DATASET EXTRACT -

====

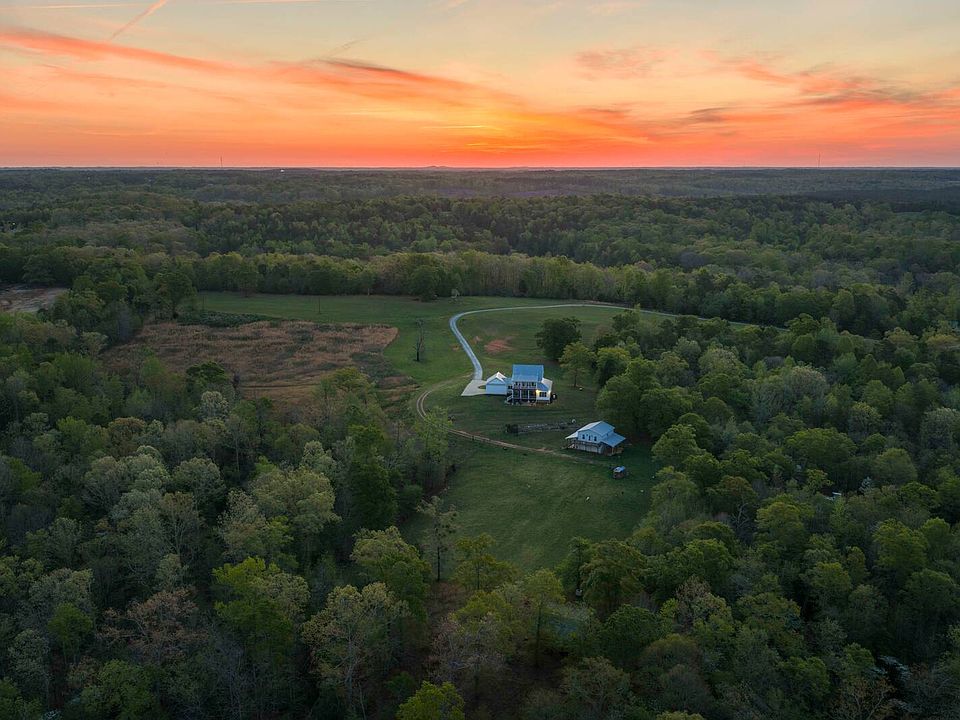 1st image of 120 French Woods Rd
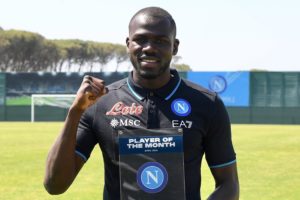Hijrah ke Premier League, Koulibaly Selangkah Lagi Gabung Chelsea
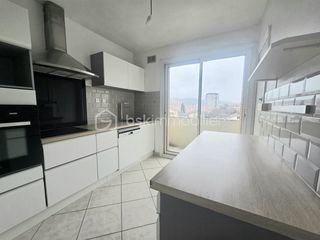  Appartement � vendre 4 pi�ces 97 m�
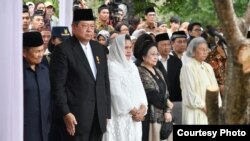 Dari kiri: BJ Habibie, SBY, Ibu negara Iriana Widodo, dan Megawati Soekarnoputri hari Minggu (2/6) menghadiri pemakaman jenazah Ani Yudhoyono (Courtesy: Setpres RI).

====

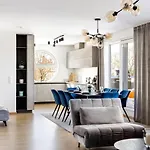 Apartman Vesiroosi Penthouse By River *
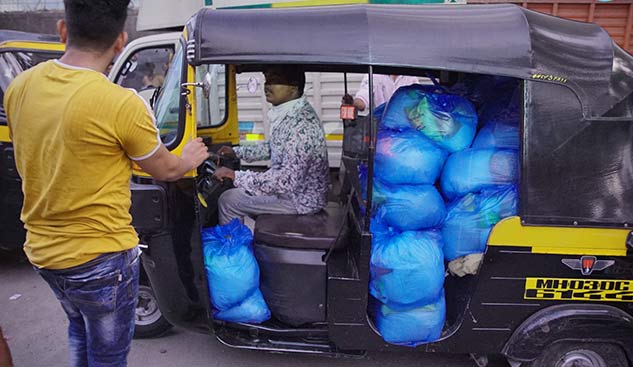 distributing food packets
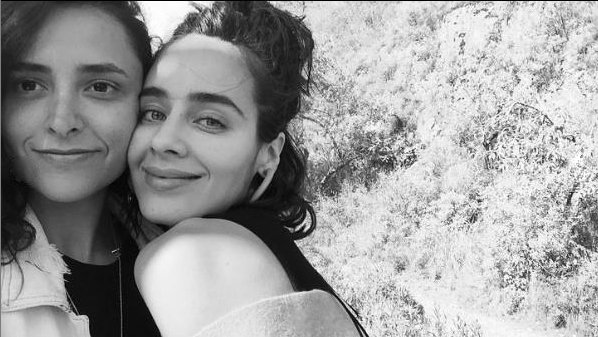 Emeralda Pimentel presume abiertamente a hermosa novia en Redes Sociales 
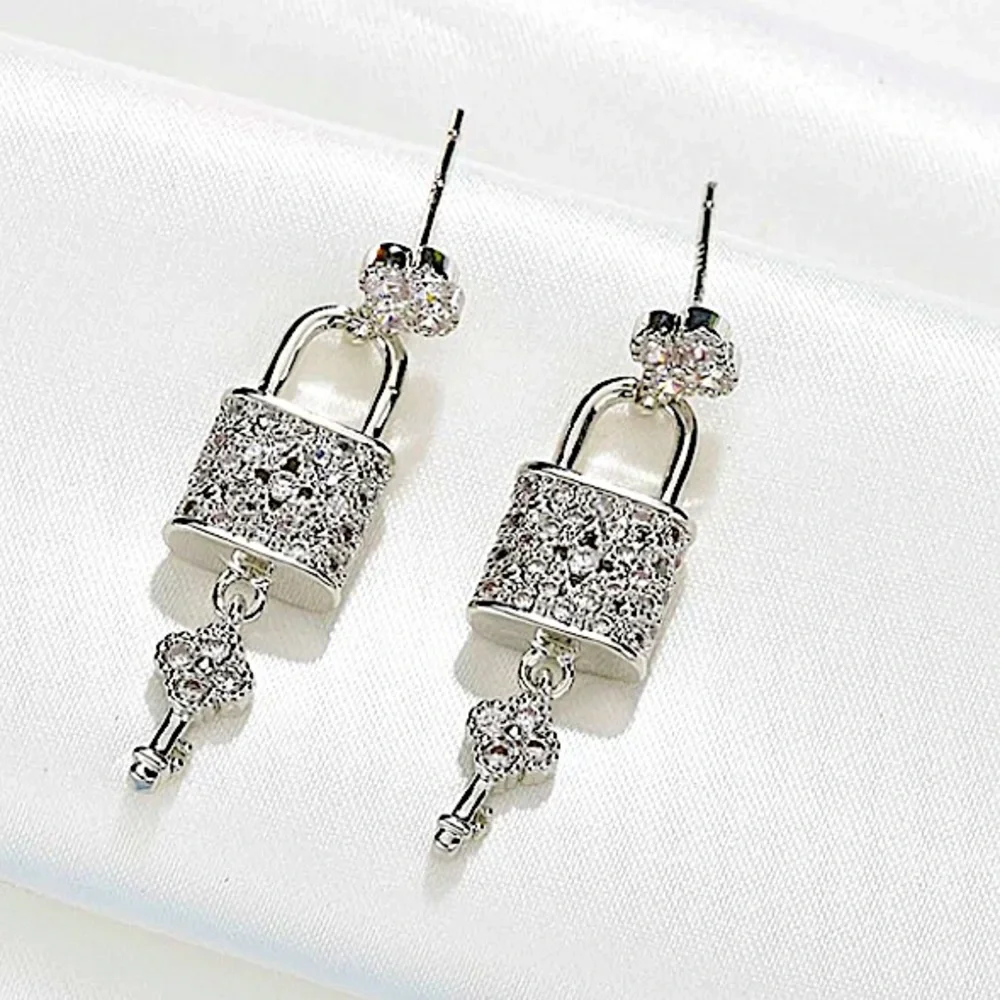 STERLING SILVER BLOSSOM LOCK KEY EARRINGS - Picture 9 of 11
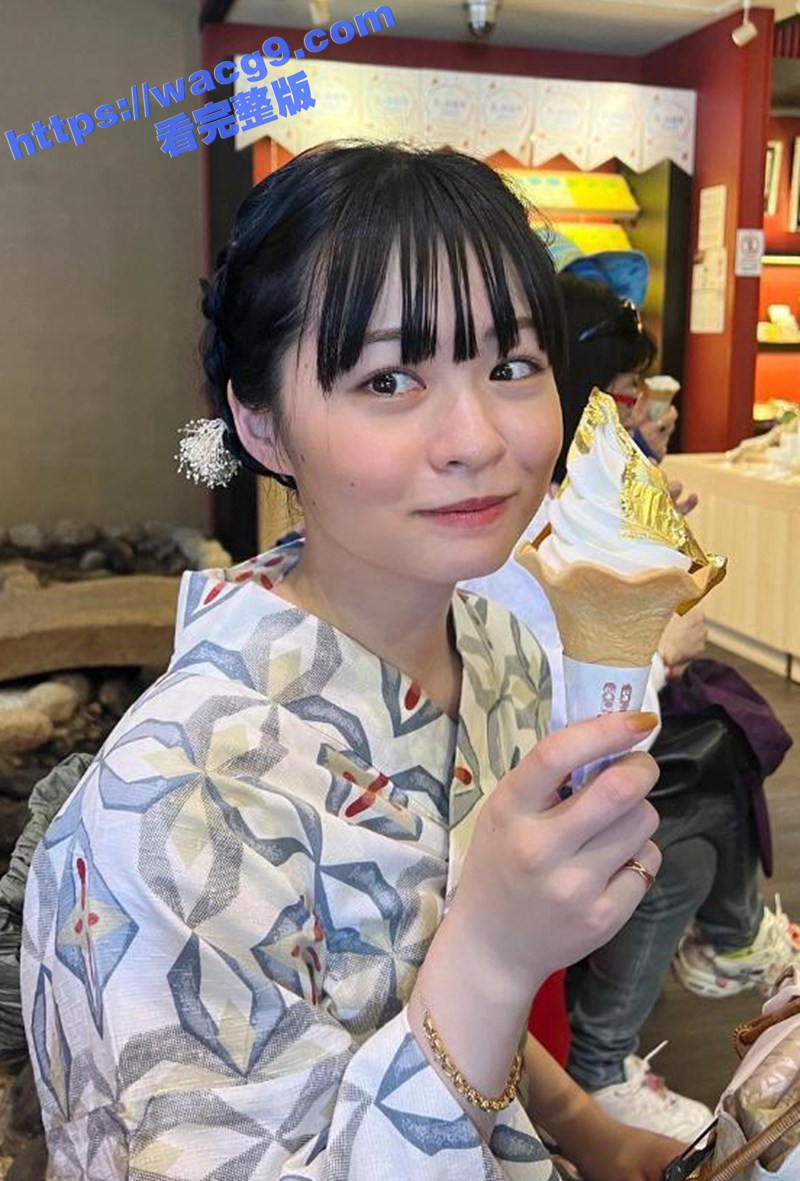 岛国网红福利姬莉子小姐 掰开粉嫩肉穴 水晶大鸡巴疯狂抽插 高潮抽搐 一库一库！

====

EXERCISE GOAL -
Leave the pictures out. Output, exactly, the lines of the material above starting at the line containing "1st image of 120 French Woods Rd" and ending at the line containing "Dari kiri: BJ".

SOLUTION -
 1st image of 120 French Woods Rd
Hijrah ke Premier League, Koulibaly Selangkah Lagi Gabung Chelsea
  Appartement � vendre 4 pi�ces 97 m�
 Dari kiri: BJ Habibie, SBY, Ibu negara Iriana Widodo, dan Megawati Soekarnoputri hari Minggu (2/6) menghadiri pemakaman jenazah Ani Yudhoyono (Courtesy: Setpres RI).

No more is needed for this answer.